La serie arriva all’ultimo atto dopo sei partite strane, più dure che equilibrate nei punteggi. Gara 1 è stata decisa al doppio overtime, poi gli scarti si sono allargati: negli ultimi quattro incontri il margine non è mai sceso sotto i 13 punti. San Antonio ha forzato Gara 7 con il 118-91 di Gara 6, trascinata da Victor Wembanyama: 28 punti, 10 rimbalzi, tre stoppate, due recuperi e due assist.
Per Wembanyama sarà la prima Gara 7 in carriera NBA. Per Shai Gilgeous-Alexander, invece, sarà una partita dal sapore diverso: il leader dei Thunder ha già vissuto due Gare 7 vinte nella scorsa postseason, ma ha definito questa la più importante della sua carriera. Il motivo è semplice: chi perde va a casa.

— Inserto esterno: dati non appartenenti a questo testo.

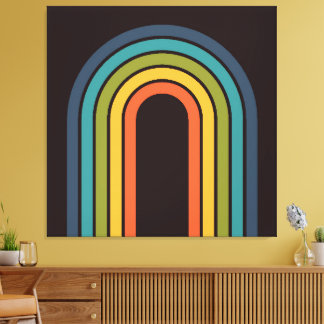 70-talets Orange Brown Teal Mönster Anpassningsbar Canvastryck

Il duello tecnico ruota soprattutto attorno a lui. Gli Spurs hanno costruito la serie limitando SGA con fisicità, taglia e continui cambi difensivi. In Gara 6 il canadese si è fermato a 15 punti con 6/18 dal campo e 0/5 dall’arco. Nella serie sta tirando con percentuali inferiori ai suoi standard, segnale che il piano difensivo di San Antonio ha prodotto effetti concreti.
Oklahoma City avrà però il vantaggio del campo e l’esperienza recente dei grandi appuntamenti. La storia pesa: nelle Gare 7 dei playoff NBA, la squadra di casa ha vinto 117 volte su 159. Non basta, perché nelle ultime undici stagioni c’è sempre stata almeno una vittoria esterna in Gara 7. Gli Spurs lo sanno e puntano sull’incoscienza del gruppo giovane.
Gli X-factor possono diventare decisivi. Dylan Harper ha risposto in Gara 6 con 18 punti, 6 rimbalzi e 4 assist, mentre per OKC Alex Caruso sta tirando con il 55,9% da tre nella serie ed è l’uomo che dà ordine, difesa ed esperienza alla second unit.
Per San Antonio sarebbe il ritorno alle NBA Finals dodici anni dopo l’ultima volta: nel 2014 gli Spurs vinsero il titolo battendo i Miami Heat di LeBron James per 4-1. Il dato storico rilevante è che Spurs-Thunder è solo il secondo caso NBA di una Gara 7 tra due squadre con almeno 62 successi; il precedente è Boston-Philadelphia del 1981, finita 91-90 per i Celtics. Per questo motivo in molti sono pronti a giurare che quella di questa notte sia la finale prima della finale con i Knicks. Non sono certo d’accordo Brunson & Co, che attendono dall’altra parte della costa il loro avversario forte di un 4 a 0 a Cleveland che gli ha permesso di riposare per oltre una settimana.
Il punto
Gara 7 non è solo Thunder contro Spurs, ma esperienza contro crescita. Oklahoma City ha memoria, campo e abitudine alla pressione. San Antonio ha Wembanyama, entusiasmo e una difesa che ha già tolto ritmo al miglior giocatore avversario. La partita si deciderà lì: se Gilgeous-Alexander torna se stesso, i Thunder partono avanti; se gli Spurs lo tengono ancora sotto controllo, la finale può cambiare padrone.
FAQ
Quando si gioca Gara 7 tra Thunder e Spurs?
La notte tra sabato 30 e domenica 31 maggio, ore 2:00 italiane.
Chi affronterà la vincente?
La vincente della serie affronterà i New York Knicks nelle NBA Finals.
Chi sono i giocatori chiave?
Per gli Spurs Victor Wembanyama e Dylan Harper; per i Thunder Shai Gilgeous-Alexander e Alex Caruso.